CN 'Cautious' About Year

OTTAWA -- Even though segments of its business are booming, Canadian National Railway Co. remains guarded about its prospects for the year, according to the National Post.

Paul Tellier, the president and chief executive, said yesterday that despite impressive increases in some traffic -- such as 33% growth in revenue from forestry shipments -- the overall economy remains uncertain.

"We tend to be cautious and under-commit ... we are reasonably confident but we remain cautious because this is a difficult economy to read," he said during a media conference call following the release of first quarter results.

CN has told shareholders it would deliver 5% to 10% earnings per share growth in 2002.

In the first quarter ended Mar. 31, CN had net income of $230-million or $1.15 per share. That compares with $202-million ($1.03) in the previous year after excluding a $73-million (36¢) gain on the sale of the Detroit River Tunnel. Net income in the most recent quarter was improved 7% by the purchase in October of Wisconsin Central Transportation Corp.

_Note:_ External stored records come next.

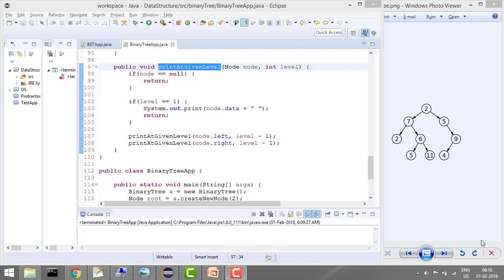Hey guys, welcome to Coding Simplified. Today our problem is: given a binary tree, we need to print all the values at a given level. So if this is a binary tree, for example this is level 1, if you are given level 1 then we need to print 2. If you are given level 2, this one, then we need to print 7 and 5.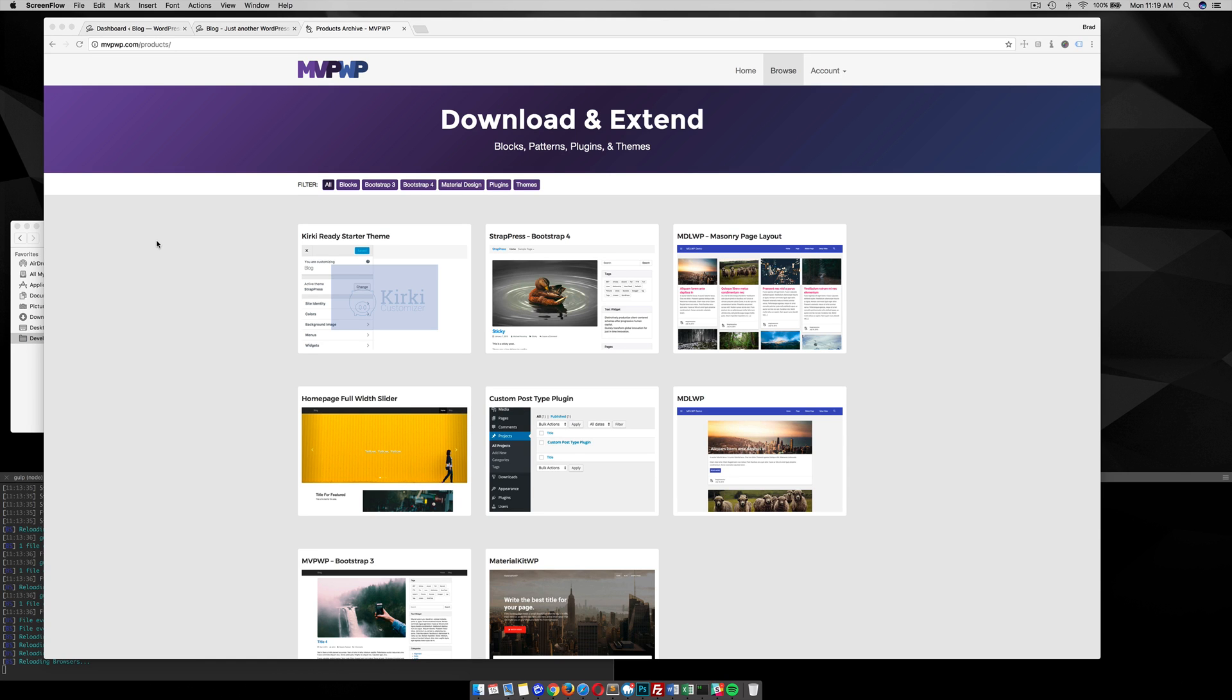Hey, in this tutorial, I want to go over how to download this Kirky Ready starter theme and integrate it into your other starter theme, such as StratPress. So let's get into it.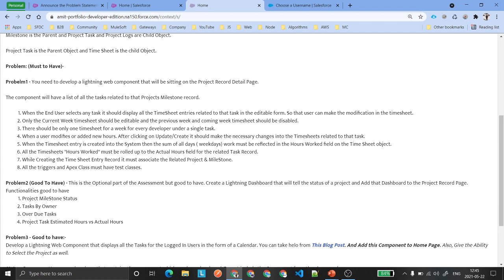Basically it is a kind of editable data table where users can make their changes. Only the current week's timesheet should be editable — the previous week and coming week timesheets should be disabled. So if you are in week three of your month, only that week's timesheet will be editable. If you click previous, it should show the timesheet in disabled mode. If you click next, it should show the timesheet with zero hours in disabled mode.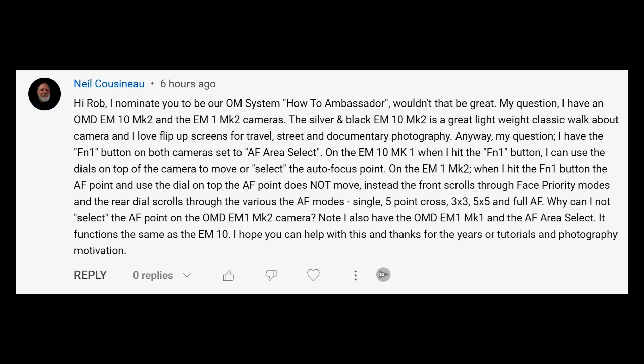This one's from Neil Cossino. He has both the EM10 Mark II and the EM1 Mark II, and he's programmed the FN1 button on both to be AF Area Select. But on his EM10 Mark II, when he rotates the top dials, the focus point moves around on the screen. But on his EM1 Mark II, the dials control the Face Detect and the AF modes like selecting single point, five point, all points, etc. What he wants is to have the EM1 Mark II dials move the focus point rather than changing the focus modes and Face Detect. That's pretty easy to do. I'll be using my EM5 Mark III to show you the settings, but they should be identical on the EM1 Mark II.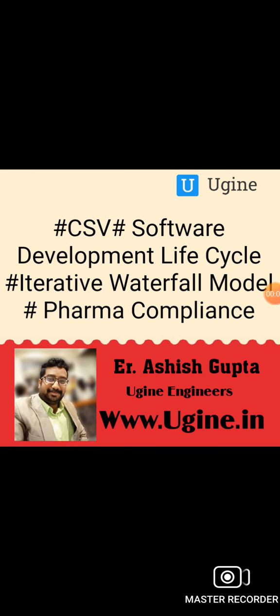Hello friend, welcome to my YouTube channel and blog Ugine Engineers. I am Ashish Kumar Gupta, a founder of Ugine Engineers.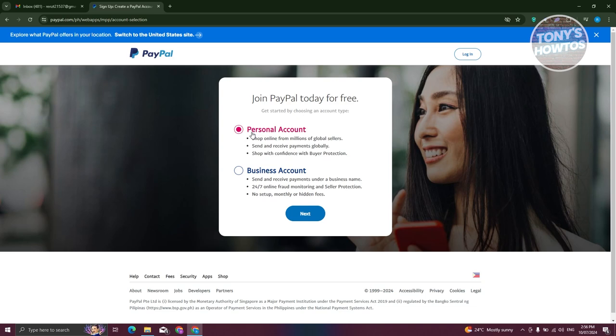But just to give you some warning here, it might ask you further details like, for example, details about your business and verifying your business with them. But for now, let's go and choose personal account and hit on next.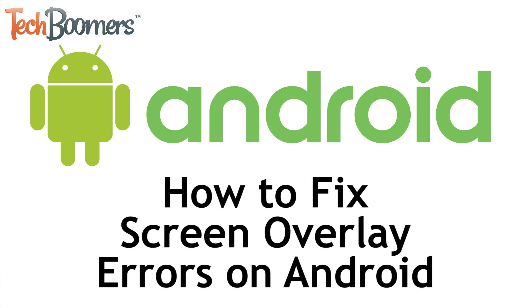I'm Jessica from TechBoomers.com, and in this video, I'll be showing you how to fix screen overlay errors on Android. Now let's get started!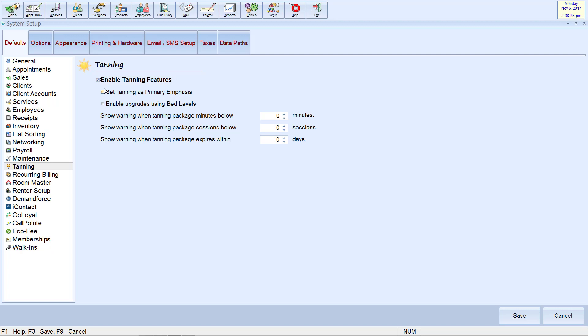If the primary function of your business is providing tanning services, you can select this box. This will help you reach maximum efficiency by reducing the number of choices you need to make in certain areas of Insight. Enabling Upgrades using Bed Levels allows you to set multiple charge levels within a single tanning service, instead of creating separate services for each bed level.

The results were in line with analyst expectations. They were released after the markets closed yesterday, with CN up 27¢ at $80.12. Revenue in the quarter grew 8% to $1.5-billion but it was outstripped by a 9% rise in operating expenses.

As a result, CN's all-important operating ratio, a measure of efficiency, deteriorated slightly to 73.1% from 72.5% a year ago.

That fell short of the expectations of some observers such as Horst Hueniken, an analyst at TD Newcrest, who predicted the ratio would improve to 71%, and led Mr. Tellier to declare costs are under control.

"Is this a temporary situation? Yes it is. And therefore is there going to be another increase of the same magnitude in the next quarter or the quarter after? The answer is no," he said.

He said the rise in the ratio -- one of only two such increases in seven years -- was due to higher labour costs and casualty expenses.

In the quarter, four of CN's seven main business segments increased, these included forest products up 33%, metal and minerals up 26%, automotive up 19% and petroleum and chemicals up 18%. Grain and fertilizers were down 16%, coal off 9% and intermodal down 1%.

Mr. Tellier said it is unknown whether the trends will hold for the year. For example, with tariffs looming on shipments of some lumber products to the U.S. from Canada, producers may be shipping as much as possible before the deadline.

Mr. Tellier also said the railway intends to vigorously fight a small railway's application to use its lines in Western Canada that is now before the Canadian Transportation Agency. It has asked the Federal Court to stop a hearing by the transport regulator set to start April 29.

"A very polite but accurate way to describe this is that this is a sham," he said, noting two similar applications have already failed.